(Crawled caption data)
--
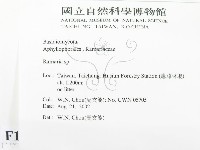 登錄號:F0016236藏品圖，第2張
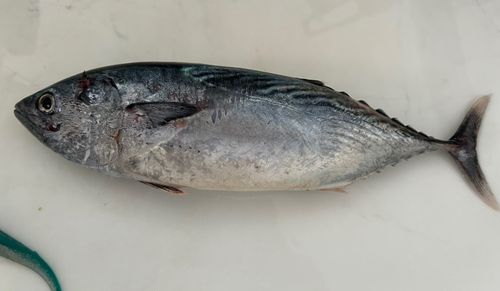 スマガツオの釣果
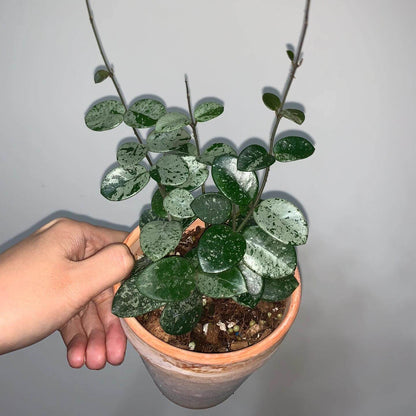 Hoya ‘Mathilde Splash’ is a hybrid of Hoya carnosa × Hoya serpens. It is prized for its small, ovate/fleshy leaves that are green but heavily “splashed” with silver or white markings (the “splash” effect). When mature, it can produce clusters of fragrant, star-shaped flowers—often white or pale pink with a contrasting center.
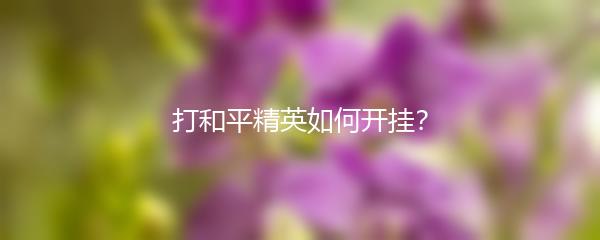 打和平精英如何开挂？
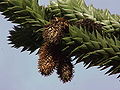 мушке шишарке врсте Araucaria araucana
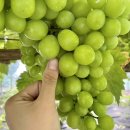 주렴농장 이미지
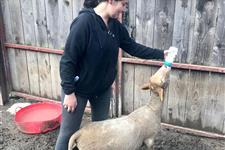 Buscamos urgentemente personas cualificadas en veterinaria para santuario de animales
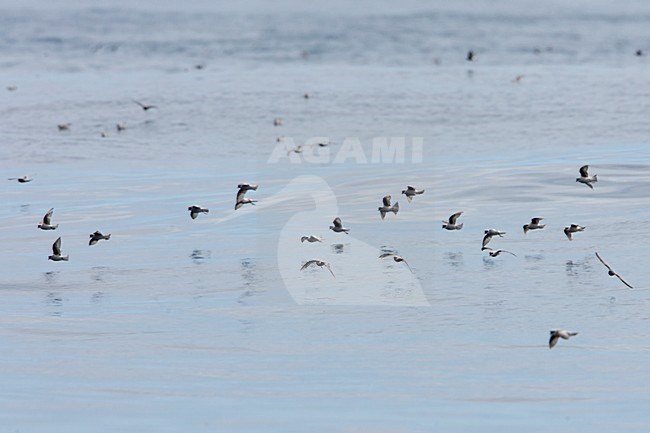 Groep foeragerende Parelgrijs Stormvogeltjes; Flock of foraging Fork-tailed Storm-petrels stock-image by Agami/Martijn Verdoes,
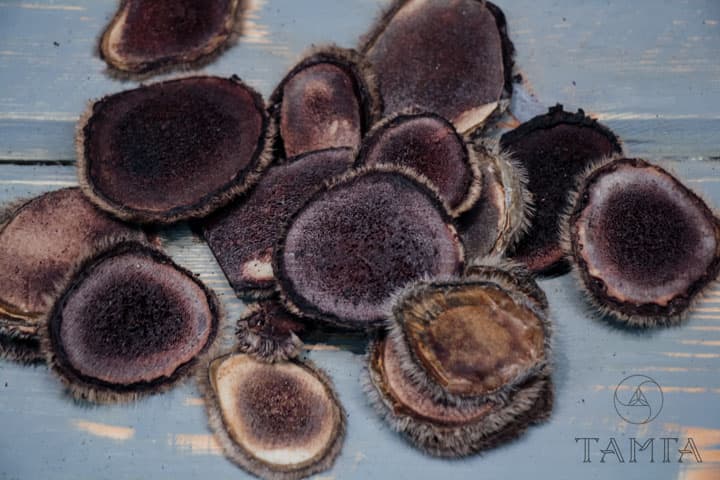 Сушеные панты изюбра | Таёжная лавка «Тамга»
--
What you return must match, character for character, the lines above from the one with "Hoya ‘Mathilde Splash’" through the one with "Groep foeragerende Parelgrijs", minus any pictures.

 Hoya ‘Mathilde Splash’ is a hybrid of Hoya carnosa × Hoya serpens. It is prized for its small, ovate/fleshy leaves that are green but heavily “splashed” with silver or white markings (the “splash” effect). When mature, it can produce clusters of fragrant, star-shaped flowers—often white or pale pink with a contrasting center.
 打和平精英如何开挂？
 мушке шишарке врсте Araucaria araucana
 주렴농장 이미지
 Buscamos urgentemente personas cualificadas en veterinaria para santuario de animales
 Groep foeragerende Parelgrijs Stormvogeltjes; Flock of foraging Fork-tailed Storm-petrels stock-image by Agami/Martijn Verdoes,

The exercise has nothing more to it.